The best is yet to come
From the dire straits publicised around the western world in the not-too-distant past, Ethiopia is now on the cusp of a complete transformation. Its remarkable economic growth makes it a beacon of inspiration for the entire region; indeed, it holds a number of lessons from which other developing nations can draw. First, it highlights the importance of government spending – even in low-income countries – particularly in areas that are stifling the economy.
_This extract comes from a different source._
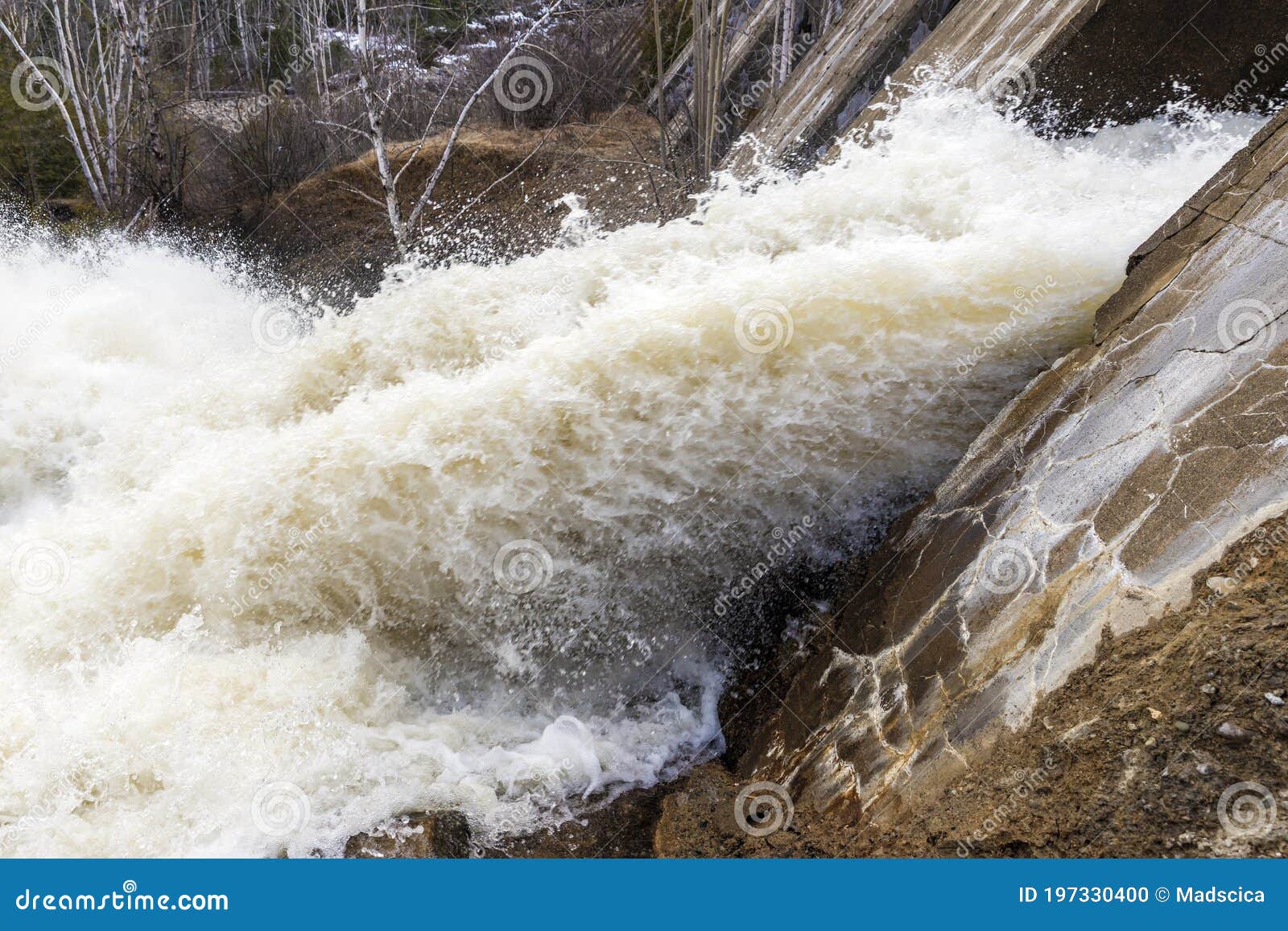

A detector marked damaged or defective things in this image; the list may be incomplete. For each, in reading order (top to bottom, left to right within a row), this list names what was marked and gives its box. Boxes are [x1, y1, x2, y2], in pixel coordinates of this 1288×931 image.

cracked concrete surface [741, 105, 1288, 830]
In Ethiopia, the government has maintained a determined focus on improving transportation and energy infrastructure, and it has done so through a commendable combination of local financing, the facilitation of foreign investment, securing loans from international entities and the
help of the diaspora.
As explained by Cramer, Ethiopia has also demonstrated the value of learning from others – speaking to various organisations and experts, studying the development of other economies and learning from their pitfalls. In the case of Ethiopia, having a strong, coherent leadership in place, which is steadfastly focused on a long-term strategy, has been crucial in this approach.
Now with Abiy at the helm, the economy has received yet another boost, thanks in large part to his quick work and charisma. Today, the country is more stable than it has been for years – foreign investors are further motivated, while the population is amply inspired. The time is ripe for the country to firmly push itself into the next phase of its development: becoming a hub for sub-Saharan Africa in terms of manufacturing, transportation, energy and economic leadership. With more reliable energy soon to follow, the country’s grand ambitions are actually within reach. Ethiopia’s economic story is truly extraordinary – and the best part is, it’s not over yet.